Dans une seconde partie, nous aurons pour tâche de définir clairement les objets médiatiques qui constituent nos principaux objets d’analyse. Nous procéderons notamment à une étude institutionnelle afin de mieux cerner les liens existant entre les groupements, les directions de chaînes productrices de séries américaines et le pouvoir économique et politique en place. Nous sélectionnerons aussi les quatre séries à interpréter (A la Maison-Blanche, Les Sopranos, Ally McBeal et Friends) à partir de critères d’audience, de disponibilité et de réalisme. Ces objets complexes nécessitent un tel approfondissement dans la recherche car ils ne constituent pas des « données », mais des « obtenues » selon l’expression d’Eric Macé (2006, p.14), les messages médiatiques qu’ils diffusent étant dictés à la fois par les esprits des scénaristes et par un contexte politique et culturel précis, des exigences économiques qui sont soulignées par les producteurs de ces programmes.

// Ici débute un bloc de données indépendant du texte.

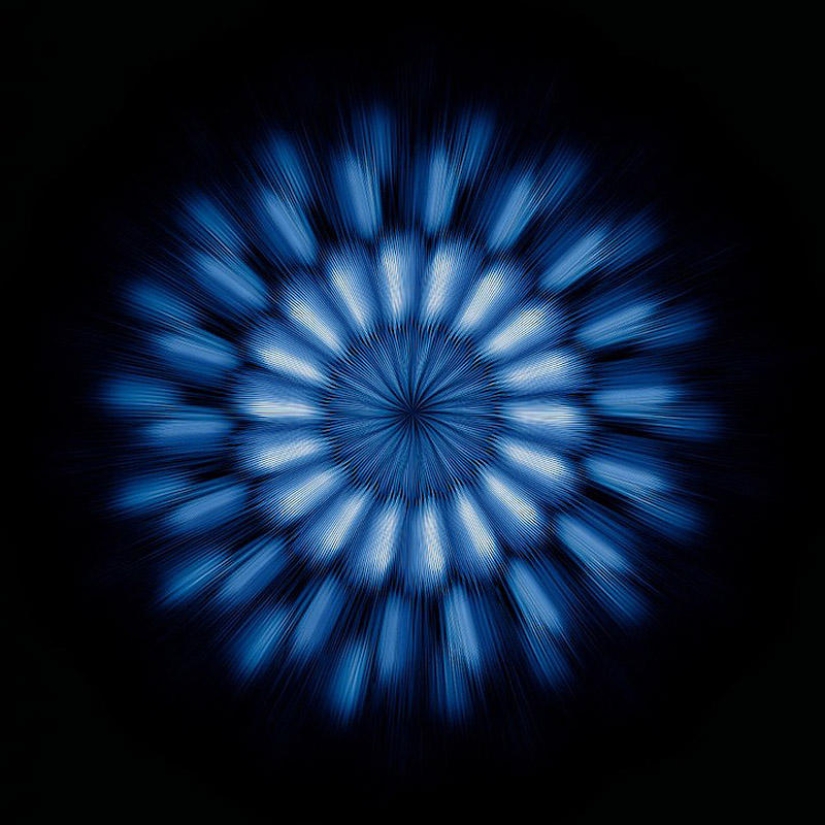 Translation of animal sounds into hypnotic images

Nous pourrons alors avancer et en venir dans une troisième partie à l’analyse de la démocratie à l’écran et à travers elle, de l’image du pouvoir politique, de l’institution, de son personnel et des citoyens qui l’ont élu. Il faudra ici mettre en valeur la série A la Maison-Blanche, qui fait figure d’exception, en proposant des messages explicitement politiques, et en concentrant ses intrigues dans les coulisses du pouvoir à l’américaine. Cette série très pédagogique permet de souligner l’apolitisme des propos tenus dans les autres séries, une absence du politique, réduit au silence la plupart du temps, même si quelques références relatives aux symboles ou à la crise de la représentation subsistent. Cette exclusion du politique laisse la place à une description désenchantée des psychologies, des portraits de héros abandonnés, de citoyens passifs et d’institutions en péril.

L’enquête de terrain par questionnaire composera le sujet de la quatrième partie de la Thèse. Son but est de confirmer ou non nos hypothèses concernant le fort intérêt des individus pour les séries américaines, et leur intérêt plus faible pour la politique. Nous parlerons de la conception du questionnaire-test consacré aux séries implicitement politiques (définition des objectifs, échantillons, échelles et niveaux d’intérêt, variables à retenir et collecte des réponses), des difficultés rencontrées et du déroulement de l’exercice. Nous construirons des profils de téléspectateurs à partir des réponses aux 186 questionnaires définitifs, obtenus au cours du printemps 2004 parallèlement à l’analyse des résultats dont nous classerons les réponses en quatre groupes, et en socio-types, selon le niveau d’intérêt de chacun pour la politique et les séries.

La cinquième partie de notre travail touchera directement à la réception d’un épisode de la série explicitement politique A la Maison-Blanche, à partir d’une enquête par entretien. Il s’agit d’un épisode « spécial », « réactif », très représentatif de toute la série et qui a été tournée après les attentats du 11 septembre 2001. Il met en scène l’équipe du président démocrate face à une classe d’élèves lors d’un huis clos entraîné par une alerte à la bombe dans le bâtiment. Lors de cette rencontre, la question du terrorisme sera envisagée sous plusieurs angles politiques, le spectateur pouvant aisément se comparer aux différents intervenants, les encourageant ou les contredisant selon son propre jugement politique.

L’enquête préalable par questionnaire aura classé la cinquantaine de candidats volontaires à l’entretien en quatre groupes. Aucun d’entre eux n’a déjà visionné la série A la Maison-Blanche, et c’est précisément ce qui constitue la nécessité de l’exercice. Nous leur passerons l’épisode « spécial » de la série sur une télévision, et cette séance sera suivie d’un test de mémorisation, d’un test de compréhension et de l’entretien en lui-même, douze questions susceptibles de démontrer le type de contribution du visionnage sur leur formulation d’une opinion personnelle concernant le politique. Les résultats de cette enquête seront traités et mis en perspective avec les débats théoriques actuels sur le sujet.

Nous proposerons en annexe de cette thèse, à côté de notre bibliographie thématique, une série de fiches résumant les propos de chaque interviewé ainsi que les profils détaillés des participants à l’enquête par questionnaire.